Por Ben Bartenstein e William Mathis.
Investidores que encararam décadas de crises de dívida em países como Argentina e Grécia estão percebendo um fenômeno estranho: o desaparecimento dos calotes.
Tumultuadas moratórias soberanas na primeira década deste século reacenderem temores em Wall Street da crise da década de 1980. No entanto, as taxas de inadimplência desde 2011 têm estado relativamente baixas para um período de queda nos preços das commodities e nos fluxos de capitais, de acordo com pesquisa elaborada por Carmen Reinhart, economista da Universidade Harvard, Vincent Reinhart, o economista-chefe da Standish Mellon Asset Management, e Christoph Trebesch, do Instituto Kiel para a Economia Mundial.
O motivo, segundo os pesquisadores, é que os juros nos menores níveis históricos incentivaram a demanda pelos títulos de maior rendimento, permitindo que países muito endividados continuassem rolando obrigações para décadas futuras sob termos mais favoráveis. Por sua vez, as economias em desenvolvimento, que geralmente apresentam maior risco de inadimplência, diminuíram seus déficits fiscais e em conta corrente. É perigoso presumir que as atuais condições de liquidez prevalecerão indefinidamente, mas a pesquisa mostra que problemas em um único país podem não causar efeito dominó.
Os episódios de inadimplência soberana “serão menores, mais isolados e sem as mesmas consequências sistêmicas”, disse Stuart Culverhouse, responsável por macroeconomia e renda fixa na Exotix, uma firma de pesquisas especializada em dívidas de alto risco. “Os principais mercados emergentes, que há 10 ou 15 anos eram o Velho Oeste e quase mercados de fronteira, se desenvolveram e se tornaram mais centrais, mais estabelecidos e mais fortes institucional e politicamente.”
Os calotes não sumiram completamente. No ano passado, a S&P Global Ratings colocou cinco países na categoria de default seletivo: Moçambique, Belize, El Salvador, República do Congo e Venezuela.
Nações como Líbano e Equador também são consideradas problemáticas e podem enfrentar problemas adiante. O risco de não pagamento pode aumentar na próxima década com o vencimento de dívidas roladas, além do fato de novos mercados de fronteira se voltarem para os mercados de capitais para contornar déficits orçamentários, explicou Federico Kaune, responsável por dívida de mercados emergentes da UBS Asset Management.

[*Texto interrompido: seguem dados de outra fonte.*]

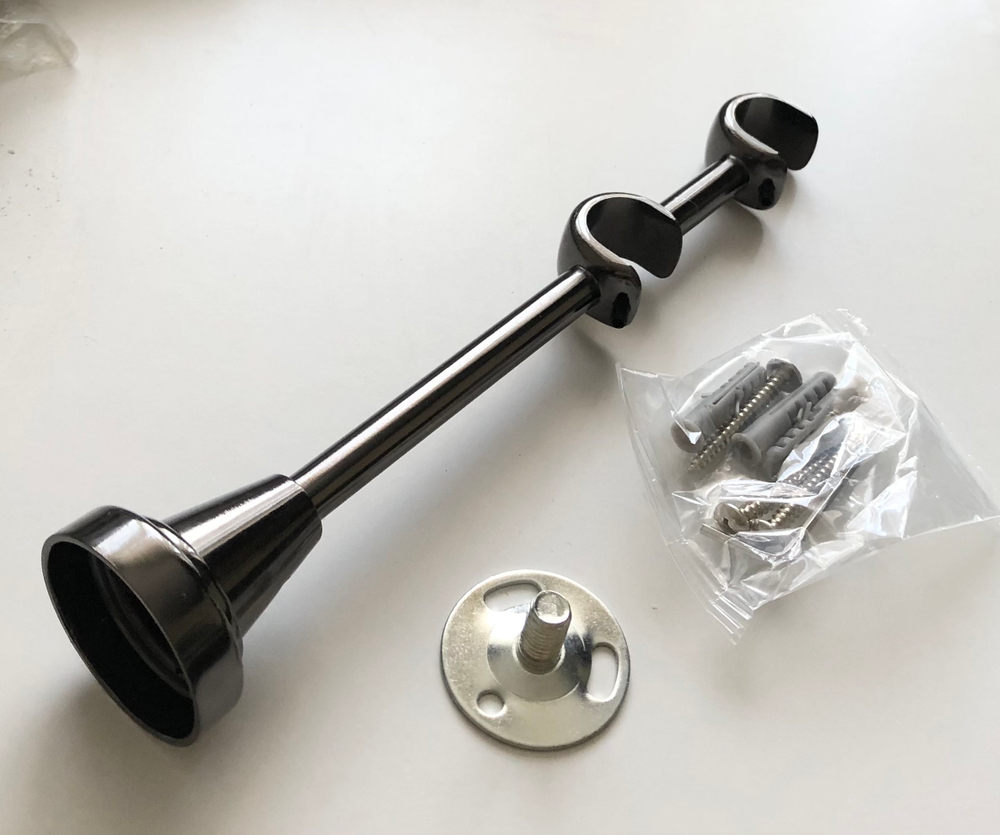 Карниз для штор "Заглушка" d19/19 мм двухрядный, цвет черный никель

Ele cita as décadas de 1960 e 1970, quando muitos países em desenvolvimento — em especial Argentina, Brasil e México — captaram grandes volumes de dinheiro junto a credores internacionais para tocar projetos de infraestrutura em meio ao rápido crescimento da atividade econômica. A dívida externa da América Latina mais do que quadruplicou entre 1975 e 1983, quando chegou a US$ 315 bilhões, o equivalente a mais de 50 por cento do PIB da região. Quando o crescimento econômico estacionou, os calotes dispararam, levando bancos comerciais a trocar empréstimos de recebimento duvidoso pelos chamados Brady Bonds.Kaune teme que a história se repita.
Porém, os últimos anos foram marcados por poucos calotes, mesmo em conjunturas que no passado causaram desastres. Historicamente, períodos de grandes oscilações nos fluxos internacionais de capital e dos preços das commodities — como o observado na economia mundial desde 2011 — coincidiram com algumas das piores crises de dívida. Todos os seis grandes movimentos de aumento dos calotes desde 1800 ocorreram após o término de uma fase de grande influxo de capitais globais, de acordo com os pesquisadores. Isso não deve acontecer desta vez.